Oil rig. So the O in oil stands for oxidation. and the oxidation is loss of electron of electrons reduction the rn rig is a gain of electrons you cannot have oxidation without reduction because as you can imagine when this loses the electrons where do they go they go over to here this gains the electron that it lost another acronym i like is Leo goes grr.
Leo the lion goes grr. Loss of electrons is oxidation. Gain of electrons is reduction. If you can remember that, you will be fine with oxidation reduction reactions.
Here's an example of one. You are looking at oxidation numbers in order to help you here. So an important concept here is if any element is by itself it has a zero, sorry, it has a zero what's called oxidation number.
And then whenever an element is in a compound, it takes on to charge whatever charge it has in that compound. So let's look at this here. Let's focus on Cu.
So Cu over here is by itself, right? So Cu is starting as a zero charge. What happens to Cu?
It's now over here with Cl2. And if you remember from nomenclature, In order to figure out what charge Cu has, we look at Cl, we look at the anion, that has a negative 1 charge, that's in group 7A, and there are 2 of them. So it has 2 negative 1 charges, so it has a total of negative 2 charge.
So Cu, in order to make this a neutral compound, Cu must be a plus 2 charge. So Cu went from a 0 to a plus 2. So would that have gained electrons or lost electrons? If it went from zero to positive, that loss, it has a loss of two electrons, two negatives loss.
And we know that oxidation is a loss of electrons. So that is why the Cu here is oxidized. Now if we look at silver.
So silver here, if Cl is a minus one, silver must be a plus one. So silver is starting as a plus one. And notice it's by itself over here now. So that is a zero. So silver went from a plus one to a zero.
So it became more negative. So it gained an electron. Now, why is there a 2 electrons here? That's because of the coefficient of a 2 up here.

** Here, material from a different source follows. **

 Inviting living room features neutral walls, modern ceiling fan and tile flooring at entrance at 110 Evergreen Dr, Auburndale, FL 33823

We know gain of electrons is called reduction. Again, you will never have one without the other. So combustion reactions are a type of oxidation reduction.

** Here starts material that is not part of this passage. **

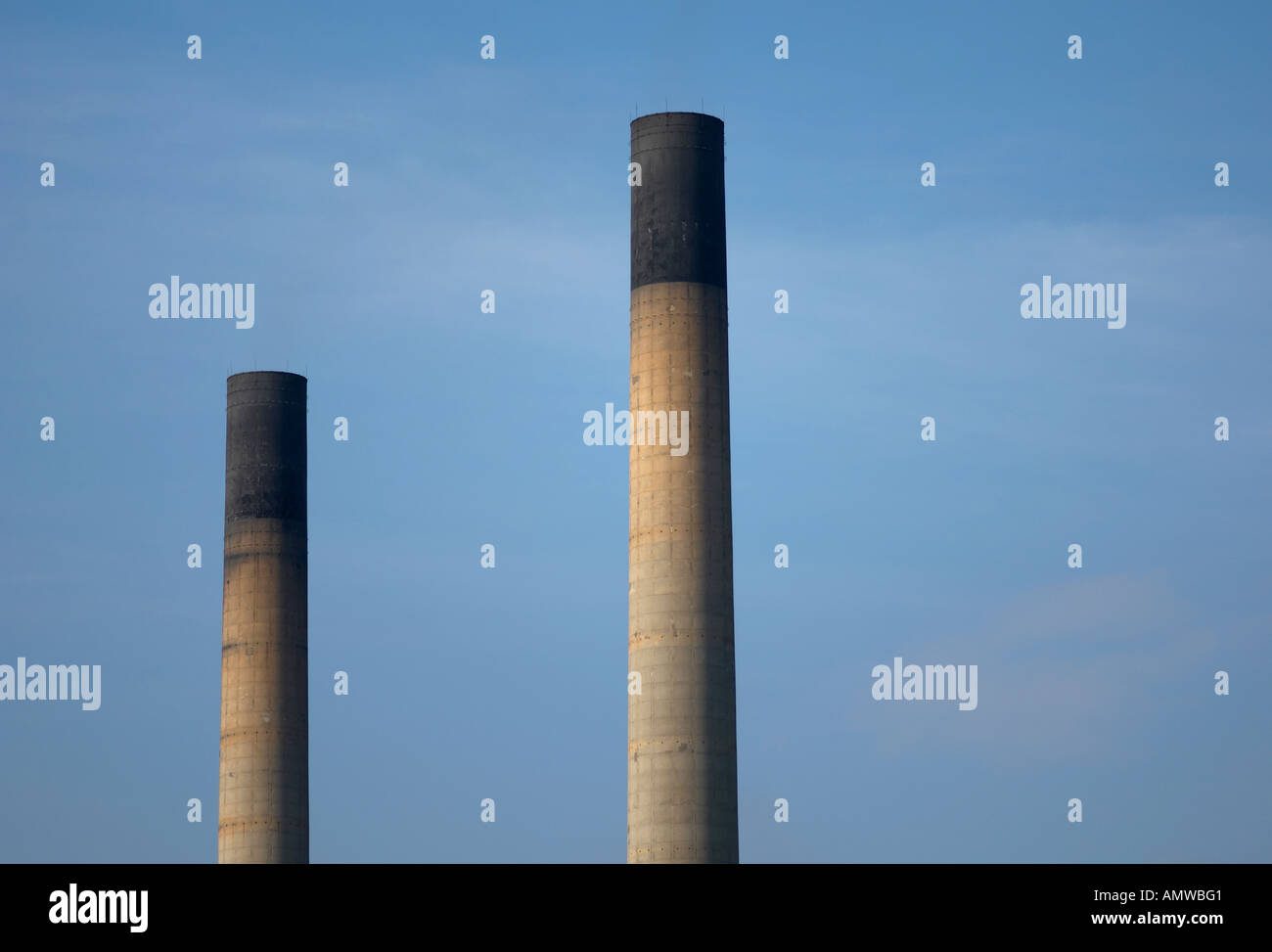 Industrial chimney stacks rising against a blue sky. Stock Photo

reduction reactions. But let me show you the outline for combustion. Again, I think this is one, this should be classified as one of the main five types.
So we have a combination, a decomposition, a single and double replacement. I think combustion should be up here. Combustion requires some kind of fuel source, some kind of hydrocarbon, some sort of C and H.

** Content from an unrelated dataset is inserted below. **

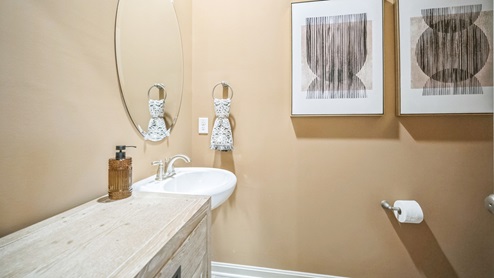 Powder bathroom with a pedestal sink, accent furniture with drawers for storage, and coordinating artwork.
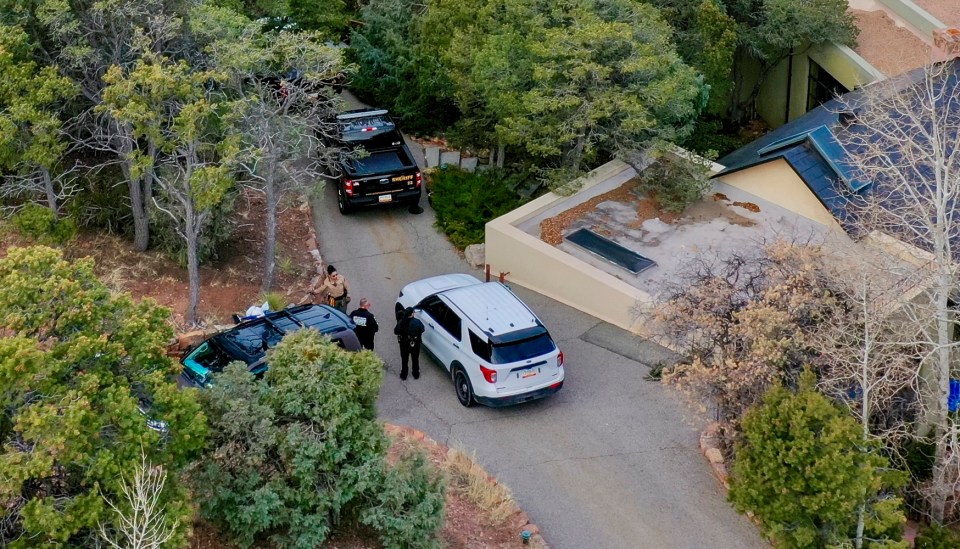 Aerial view of Santa Fe County deputies at a house.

The X and Y just means it can be any number. There has to be oxygen. involved with it and then most of the time you will have carbon dioxide and water and that is combustion classify the following reactions as Combo decomp single or double this would be a good spot to pause the video and do these and then check your answers Letter B here. I notice Two different pairs here and they're swept swapping This would be a double displacement.
Letter C, I'm starting with two things and I'm ending with one thing. There's no plus on the right-hand side. That is a combination reaction.
E, I'm starting with one thing and I'm ending with two things. No plus sign on the left. That is a decomposition. And G, a single person with a couple. And what happens?
They swap. Br is now single and you have a new couple that would be a single displacement reaction. And lastly, how do we know that this is a redox reaction?
Now look at G. This is the same thing. So are you wrong in saying single?
Not necessarily, but more specifically, why is this redox? Look what happens to Cl. It's starting by itself as a zero and it's ending as a negative one. So that gained electrons. That is reduction.
Look at your Br. That started as a minus one and it went to a zero. So that lost a negative.
That lost an electron. That is oxidation.